Человек все еще не мог начать.
— …Я воздушный пешеход, — беззвучно подсказали губы Мауди, и в этот же миг те же слова произнес Амброс Бауэрмайстер.
— Воздушный пешеход! Как здорово сказано. Там, над облаками, как я понимаю, в стихии безграничной свободы…
— Нет! — ледяным тоном возразил Амброс.
— Тогда скажите нам, пожалуйста, что же такое воздушный пешеход? — дрогнувшим голосом парировал ведущий, хотя последнее слово в любом случае оставалось за ним.
Камера все же решилась наехать на лицо несчастного человека и выявила то, от чего дрогнул голос ведущего. На шершавых щеках блестела влага.

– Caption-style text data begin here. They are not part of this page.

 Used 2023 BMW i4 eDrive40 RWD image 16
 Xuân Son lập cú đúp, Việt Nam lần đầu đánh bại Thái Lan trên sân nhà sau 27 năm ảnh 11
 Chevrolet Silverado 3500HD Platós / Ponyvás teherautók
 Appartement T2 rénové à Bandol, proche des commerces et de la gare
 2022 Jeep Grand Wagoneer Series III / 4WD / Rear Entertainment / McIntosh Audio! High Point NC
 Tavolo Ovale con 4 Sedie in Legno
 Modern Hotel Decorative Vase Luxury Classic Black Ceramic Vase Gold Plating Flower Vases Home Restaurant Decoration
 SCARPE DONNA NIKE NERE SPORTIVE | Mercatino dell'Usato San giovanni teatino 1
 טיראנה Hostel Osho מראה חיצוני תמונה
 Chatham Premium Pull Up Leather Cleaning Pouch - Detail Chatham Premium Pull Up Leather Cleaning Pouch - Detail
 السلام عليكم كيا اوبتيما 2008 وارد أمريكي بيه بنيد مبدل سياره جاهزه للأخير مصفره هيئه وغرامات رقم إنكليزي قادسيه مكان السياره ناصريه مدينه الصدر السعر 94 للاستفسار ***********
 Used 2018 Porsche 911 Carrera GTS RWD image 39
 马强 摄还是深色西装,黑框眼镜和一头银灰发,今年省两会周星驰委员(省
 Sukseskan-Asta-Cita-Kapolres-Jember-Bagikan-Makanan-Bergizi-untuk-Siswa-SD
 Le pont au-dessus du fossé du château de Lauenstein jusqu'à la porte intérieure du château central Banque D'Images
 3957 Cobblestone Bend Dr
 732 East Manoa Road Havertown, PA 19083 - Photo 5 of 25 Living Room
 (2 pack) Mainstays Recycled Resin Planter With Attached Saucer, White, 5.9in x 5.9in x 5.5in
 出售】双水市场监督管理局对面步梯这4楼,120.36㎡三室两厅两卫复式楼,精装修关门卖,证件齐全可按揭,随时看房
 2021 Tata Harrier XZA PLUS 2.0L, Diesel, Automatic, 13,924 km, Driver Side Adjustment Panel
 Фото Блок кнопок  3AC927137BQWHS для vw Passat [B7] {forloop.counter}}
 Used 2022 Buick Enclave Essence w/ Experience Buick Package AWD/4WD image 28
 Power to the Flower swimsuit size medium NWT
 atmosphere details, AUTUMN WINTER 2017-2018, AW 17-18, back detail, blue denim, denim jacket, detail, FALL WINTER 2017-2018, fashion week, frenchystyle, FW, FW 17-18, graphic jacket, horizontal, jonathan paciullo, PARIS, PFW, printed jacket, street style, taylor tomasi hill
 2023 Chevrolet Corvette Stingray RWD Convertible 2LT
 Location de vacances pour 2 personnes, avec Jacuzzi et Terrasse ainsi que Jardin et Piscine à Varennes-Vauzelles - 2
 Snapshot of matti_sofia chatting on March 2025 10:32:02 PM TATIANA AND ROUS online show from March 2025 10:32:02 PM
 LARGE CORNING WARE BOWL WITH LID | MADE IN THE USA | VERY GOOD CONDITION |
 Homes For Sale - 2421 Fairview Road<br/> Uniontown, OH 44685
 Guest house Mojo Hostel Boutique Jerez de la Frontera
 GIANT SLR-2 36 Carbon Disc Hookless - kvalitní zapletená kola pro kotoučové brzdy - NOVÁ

Мауди впилась глазами в экран. На ее худом лице играли желтовато-зеленые блики, курчавые темные волосы мерцали в снопах серебристого света. В глазах отражался человек в темных очках, и глаза поистине горели. Широкий рот превратился в сухую корку, от лба шел горячечный жар. Все на свете дым, все пустяк. Есть только этот грандиозный миг.
И оба они, дочь и отец, начали синхронно говорить, и они говорили одним голосом и в одной интонации.
— Воздушный пешеход — это человек, который слушается только своего сердца. Он не послушен никому на свете. Он делает то, что хочет. Он ничего и никого не боится. Прежде всего — самого себя. И раз он ничего не боится и всегда слушается своего сердца, он может ходить по воздуху.